Try it
From the line containing "An light green" to the end of the data, retype every line exactly and nothing else. Drop the pictures.

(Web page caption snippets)
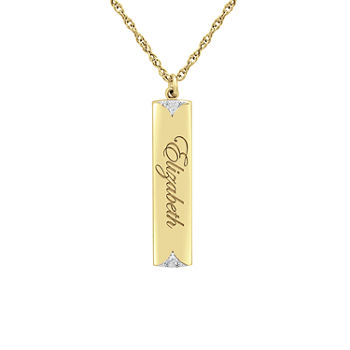 Personalized Name Womens Diamond Accent Genuine White Diamond 10K Gold Bar Pendant Necklace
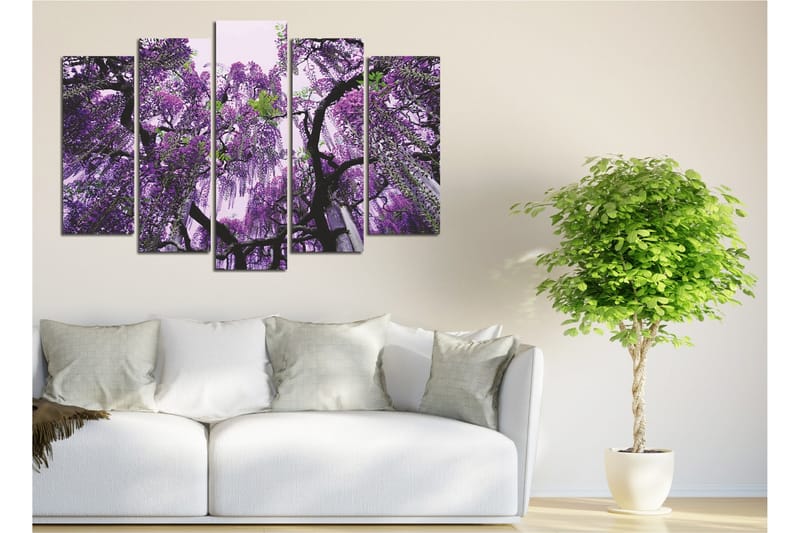 Stor Canvastavla i 5 delar 105x70 cm - Lila blomsterhäng av wisteria - Lila / Grön / Svart - Inredning - Tavlor & posters - Canvastavla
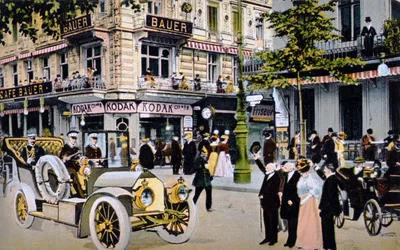 Tyska vykort som visar parad av Kaiser Wilhelm II, ca 1912 (se 212424)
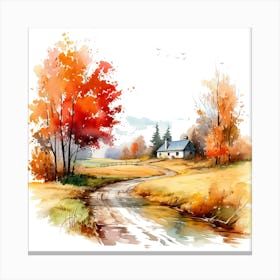 Watercolor Autumn Landscape Watercolor Painting 2 Canvas Print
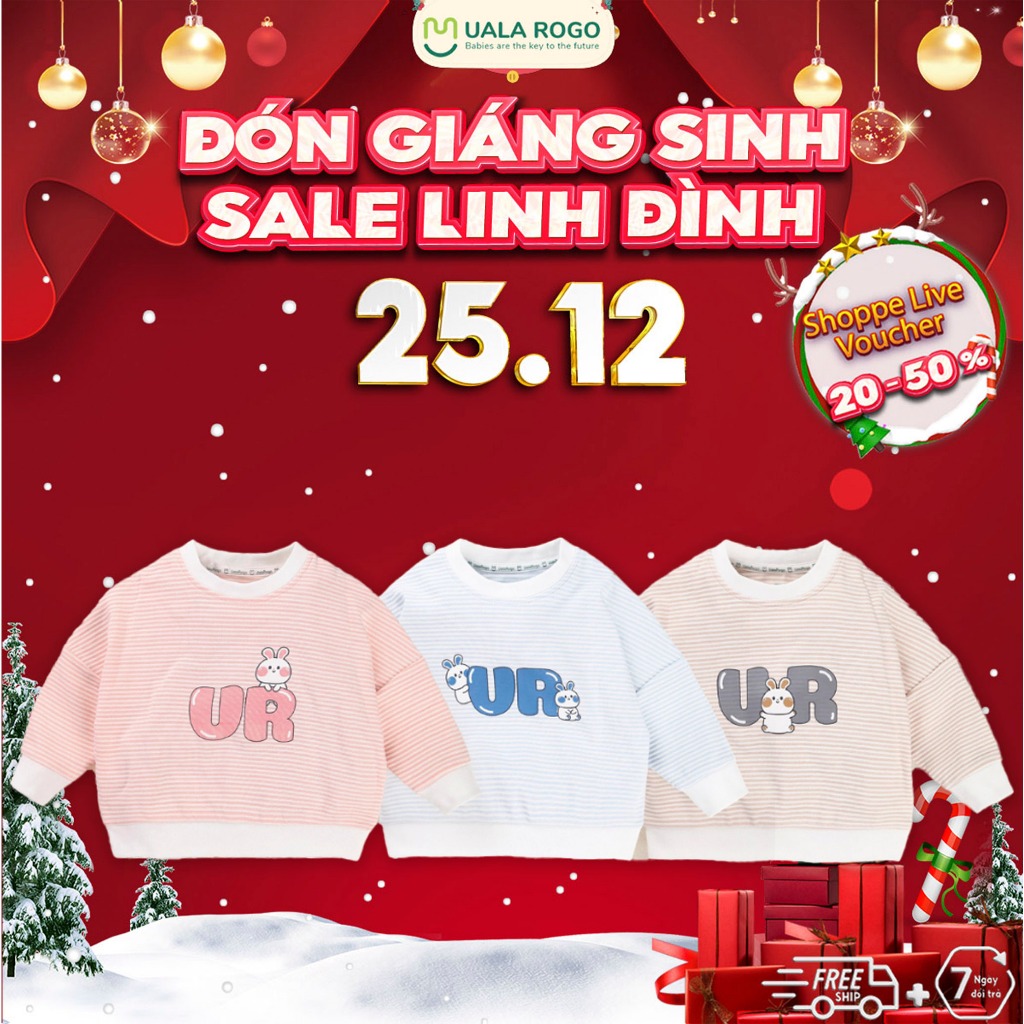 Áo dài tay cho bé Ualarogo 1 - 5 tuổi vải Cotton nỉ giữ ấm mềm mại thấm hút thoáng khi 3657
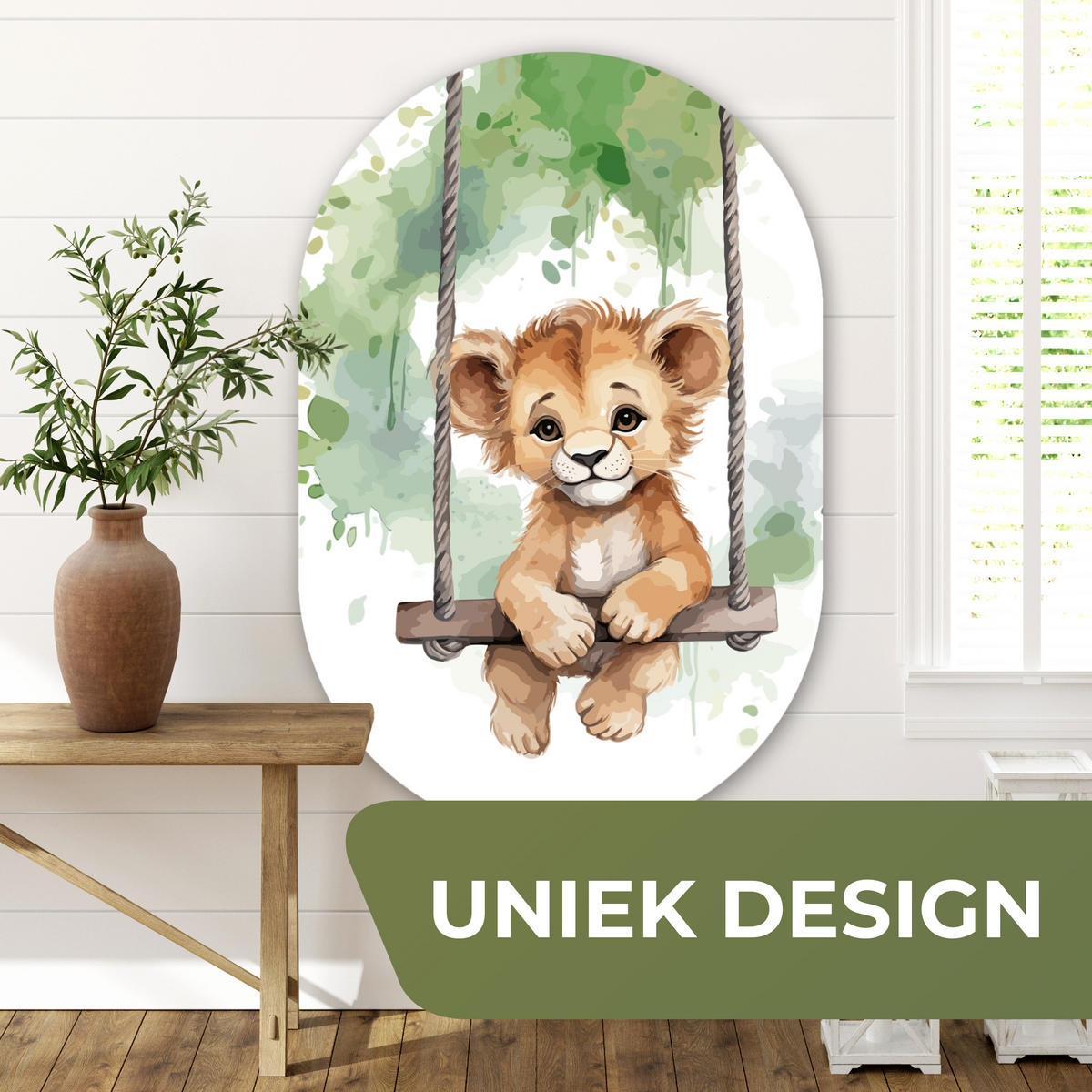 WANDBILD Löwe - Tier - Kinder - Dschungel Deko Groß 80x120 cm - Hellbraun, Kunststoff (80/120cm) - MuchoWow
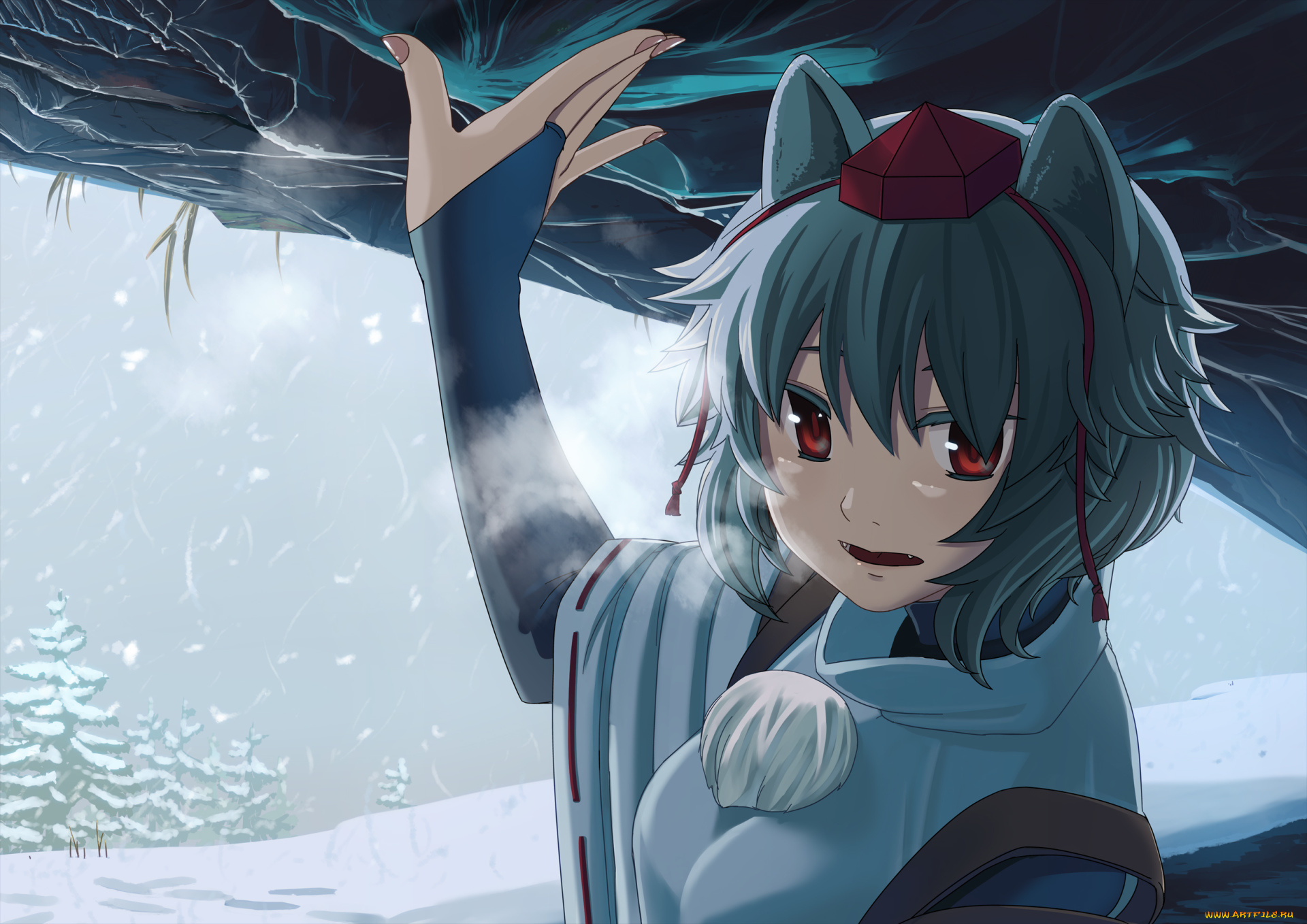 аниме, touhou, девушка, взгляд, фон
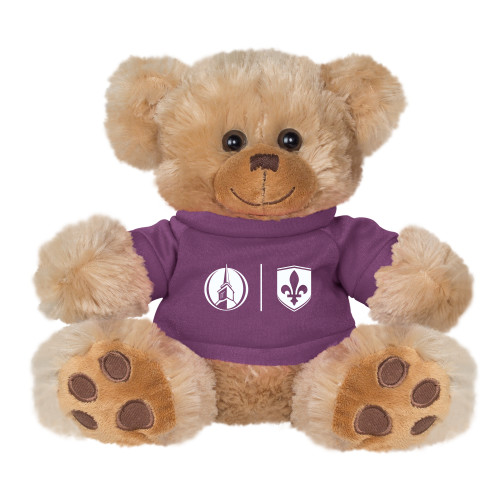  Plush Big Paw 8 1/2 inch Brown Bear w/Purple Shirt - Steeple & Shield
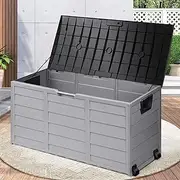 Garden Storage Box 290L with Wheels for Indoor/Outdoor, Weatherproof, Lockable, PP Material Deck Shed for Toys, Gardening Tools, Collectibles, Books, Clothes and Bedding, Easy Assemble (Black & Gray)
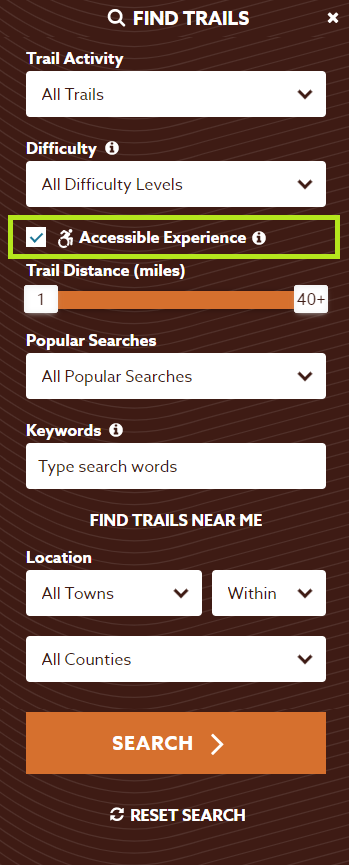 An light green box indicates where on the Find Trails page there is a checkbox for accessibility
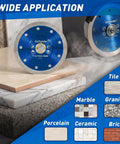 Heavy Duty 4.5 Inch Diamond Tile Blade Delivers Dope Precision Cuts On Porcelain Granite And Marble With Slick Wet Or Dry Grind Operation Rock Solid Dual Arbor Fit Pro Quality Upgrade on cutting stone surfaces.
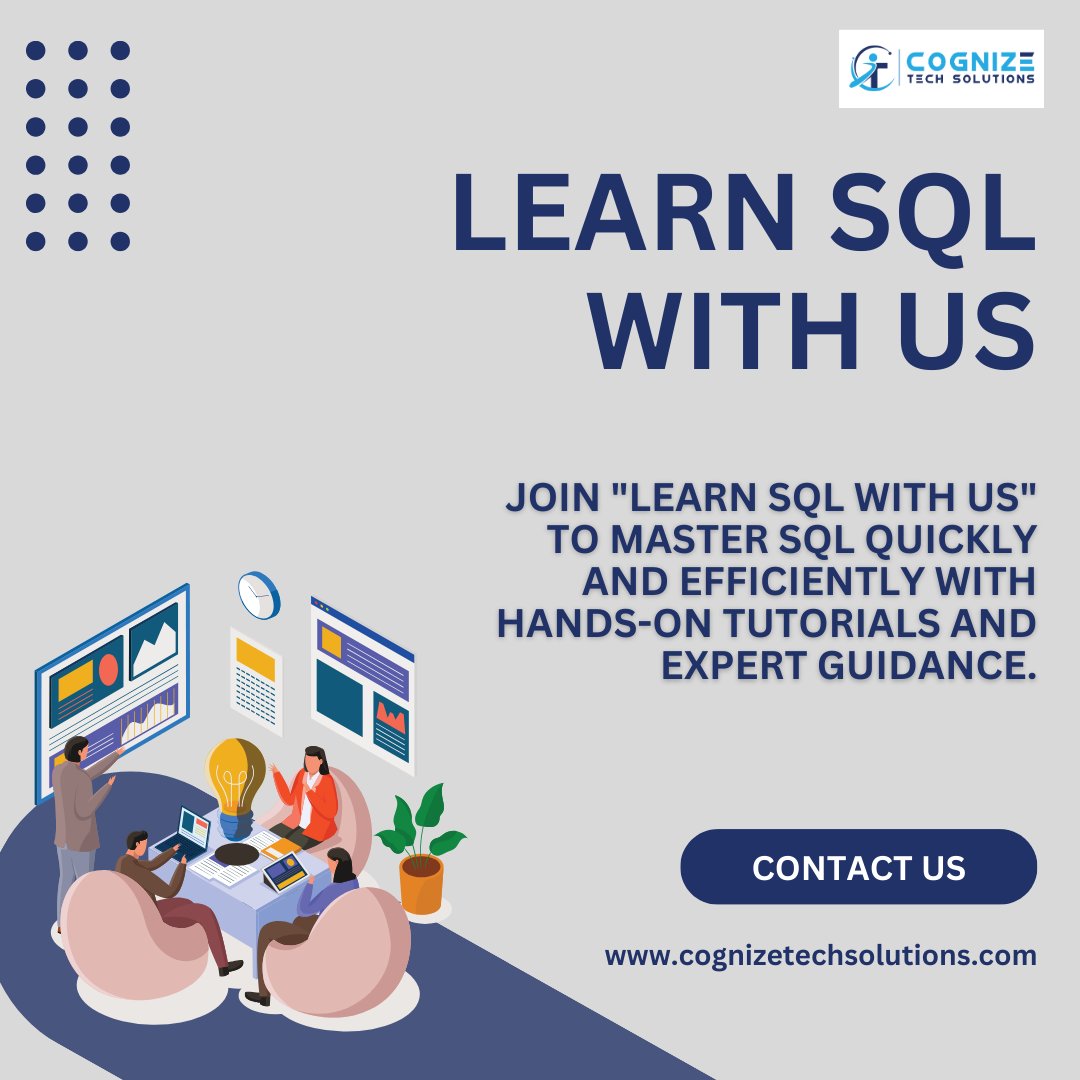 CognizeLLC's tweet image. join us to master SQL!
Unlock powerful database skills and advance your career with our expert-led courses and hands-on practice.
Learn more: cognizetechsolutions.com/sql-training/
#learnsql #sqltraining #sqlcourse #cognizetechsolutions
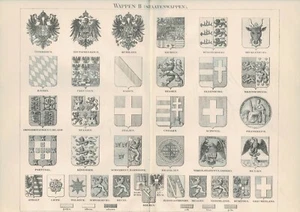 Tafel Heraldik: WAPPEN / STAATENWAPPEN Original-Holzstich 1890 - Picture 1 of 1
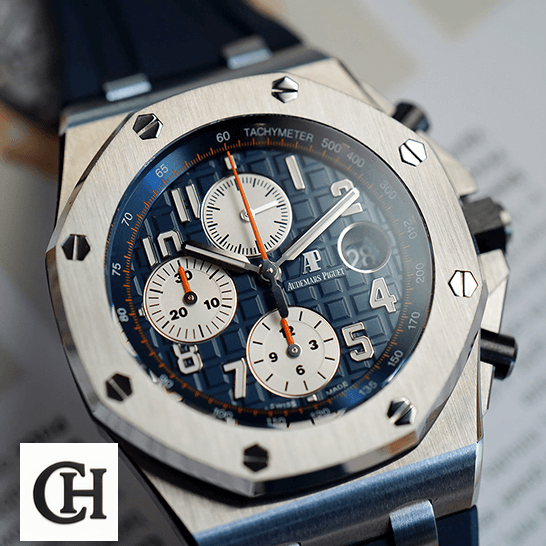 Audemars Piguet Royal Oak Offshore 26408OR.OO.A010CA.01 Audemars Piguet Blue Dial 26470ST.OO_.A027CA.01 white background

Problem solution
 An light green box indicates where on the Find Trails page there is a checkbox for accessibility
 Heavy Duty 4.5 Inch Diamond Tile Blade Delivers Dope Precision Cuts On Porcelain Granite And Marble With Slick Wet Or Dry Grind Operation Rock Solid Dual Arbor Fit Pro Quality Upgrade on cutting stone surfaces.
 CognizeLLC's tweet image. join us to master SQL!
Unlock powerful database skills and advance your career with our expert-led courses and hands-on practice.
Learn more: cognizetechsolutions.com/sql-training/
#learnsql #sqltraining #sqlcourse #cognizetechsolutions
 Tafel Heraldik: WAPPEN / STAATENWAPPEN Original-Holzstich 1890 - Picture 1 of 1
 Audemars Piguet Royal Oak Offshore 26408OR.OO.A010CA.01 Audemars Piguet Blue Dial 26470ST.OO_.A027CA.01 white background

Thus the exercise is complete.